Our lopsided priorities in terms of what we allocate to keep us alive vis-a –vis what we allocate to make  our country look beautiful will never haunt us. Do you get my drift? Well, while Jane will die alone to her desolate village in Mariakani, the Super highway will remain for our peers to see. Uganda will marvel “Have you seen how Kenya is developed?” and Botswana will die of envy. Green eyed. I am laughing at our very jealous neighbors.
A few people will gather by her final hole. A cloaked priest perhaps  And a small ritual chanted. As she stops to breath because ‘her’ money was used to upgrade a highway to a superhighway, excuses will be given again to win this argument. Well. Cool. 
And another multi-billion project will be started viciously; to set up a silicon Savannah even before a post mortem is performed by the worms of the soil. Before her children drop out of school.

A carcass fit for hounds.

How much would it cost to set up cancer wings complete with radiotherapy machines in at least half of our 47 counties?  Well maybe we only need one such center  and we already have it at the main referral hospital .A population of 40 million people.
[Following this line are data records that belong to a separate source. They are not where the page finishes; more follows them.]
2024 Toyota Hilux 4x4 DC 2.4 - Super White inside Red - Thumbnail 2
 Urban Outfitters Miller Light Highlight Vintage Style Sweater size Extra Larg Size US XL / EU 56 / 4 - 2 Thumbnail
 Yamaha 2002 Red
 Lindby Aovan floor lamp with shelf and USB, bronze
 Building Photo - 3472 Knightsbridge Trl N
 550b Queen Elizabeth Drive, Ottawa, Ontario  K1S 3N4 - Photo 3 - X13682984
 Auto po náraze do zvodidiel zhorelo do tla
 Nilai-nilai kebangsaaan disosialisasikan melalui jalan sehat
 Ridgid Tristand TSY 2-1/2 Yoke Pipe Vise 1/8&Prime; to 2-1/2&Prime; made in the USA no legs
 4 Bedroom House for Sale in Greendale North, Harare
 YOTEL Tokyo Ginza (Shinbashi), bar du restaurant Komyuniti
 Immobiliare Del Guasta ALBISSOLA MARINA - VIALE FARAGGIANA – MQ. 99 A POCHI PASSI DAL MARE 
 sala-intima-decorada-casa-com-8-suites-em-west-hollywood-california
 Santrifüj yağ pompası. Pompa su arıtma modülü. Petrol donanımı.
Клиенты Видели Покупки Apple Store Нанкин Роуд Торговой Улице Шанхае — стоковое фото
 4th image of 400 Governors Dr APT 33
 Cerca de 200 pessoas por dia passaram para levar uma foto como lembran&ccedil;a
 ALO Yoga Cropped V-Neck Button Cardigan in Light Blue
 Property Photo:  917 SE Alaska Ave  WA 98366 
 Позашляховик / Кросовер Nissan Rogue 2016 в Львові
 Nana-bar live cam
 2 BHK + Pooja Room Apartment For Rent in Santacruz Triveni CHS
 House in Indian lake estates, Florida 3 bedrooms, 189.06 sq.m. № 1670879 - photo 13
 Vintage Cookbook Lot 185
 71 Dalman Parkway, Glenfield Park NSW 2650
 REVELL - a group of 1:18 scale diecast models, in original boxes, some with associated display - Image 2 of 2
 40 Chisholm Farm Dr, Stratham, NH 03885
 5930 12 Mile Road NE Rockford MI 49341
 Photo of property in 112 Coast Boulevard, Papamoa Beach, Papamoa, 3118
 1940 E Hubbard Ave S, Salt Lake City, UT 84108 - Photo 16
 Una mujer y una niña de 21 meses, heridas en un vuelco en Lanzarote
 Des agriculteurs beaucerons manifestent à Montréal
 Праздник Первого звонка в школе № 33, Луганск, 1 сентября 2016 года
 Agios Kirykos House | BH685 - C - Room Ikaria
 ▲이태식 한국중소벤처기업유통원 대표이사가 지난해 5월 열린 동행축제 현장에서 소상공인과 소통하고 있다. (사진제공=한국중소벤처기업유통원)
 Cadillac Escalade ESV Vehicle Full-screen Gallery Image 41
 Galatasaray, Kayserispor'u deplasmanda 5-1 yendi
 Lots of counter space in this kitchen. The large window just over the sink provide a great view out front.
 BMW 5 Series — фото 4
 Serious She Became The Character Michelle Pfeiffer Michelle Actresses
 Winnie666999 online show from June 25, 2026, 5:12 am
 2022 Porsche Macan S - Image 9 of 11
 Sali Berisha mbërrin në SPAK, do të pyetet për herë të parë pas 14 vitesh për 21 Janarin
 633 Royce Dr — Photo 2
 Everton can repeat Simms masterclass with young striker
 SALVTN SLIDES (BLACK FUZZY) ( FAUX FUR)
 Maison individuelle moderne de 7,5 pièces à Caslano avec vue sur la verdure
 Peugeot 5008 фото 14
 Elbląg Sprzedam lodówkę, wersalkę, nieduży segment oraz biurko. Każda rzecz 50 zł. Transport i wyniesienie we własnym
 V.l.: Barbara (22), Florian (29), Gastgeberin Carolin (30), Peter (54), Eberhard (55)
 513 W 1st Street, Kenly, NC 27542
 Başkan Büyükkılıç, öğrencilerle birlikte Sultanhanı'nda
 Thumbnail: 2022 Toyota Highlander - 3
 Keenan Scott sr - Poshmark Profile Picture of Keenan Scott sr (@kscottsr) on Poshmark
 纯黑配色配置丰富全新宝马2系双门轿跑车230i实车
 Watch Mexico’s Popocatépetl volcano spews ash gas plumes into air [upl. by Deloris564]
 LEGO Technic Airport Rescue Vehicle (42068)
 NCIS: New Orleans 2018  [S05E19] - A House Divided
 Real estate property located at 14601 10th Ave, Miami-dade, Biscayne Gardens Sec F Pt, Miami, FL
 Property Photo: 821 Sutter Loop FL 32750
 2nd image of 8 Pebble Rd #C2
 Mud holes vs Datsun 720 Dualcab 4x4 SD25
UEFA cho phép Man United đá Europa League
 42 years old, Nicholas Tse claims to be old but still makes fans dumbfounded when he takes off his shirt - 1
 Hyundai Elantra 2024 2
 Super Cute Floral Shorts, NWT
Let us pray. Prayers are free.

#dedicated to the many patients who missed out on the endoscopy camp this week because they could not afford to purchase Celestin tubes or stents.


  1. " Who needs healthcare when prayers cost nothing? Who needs wealth, when the Kingdom of Heaven is awaiting the poor? Pray, may people, pray!" blogger Edwin Okong'o

  2. Good one. Time to set our priorities right.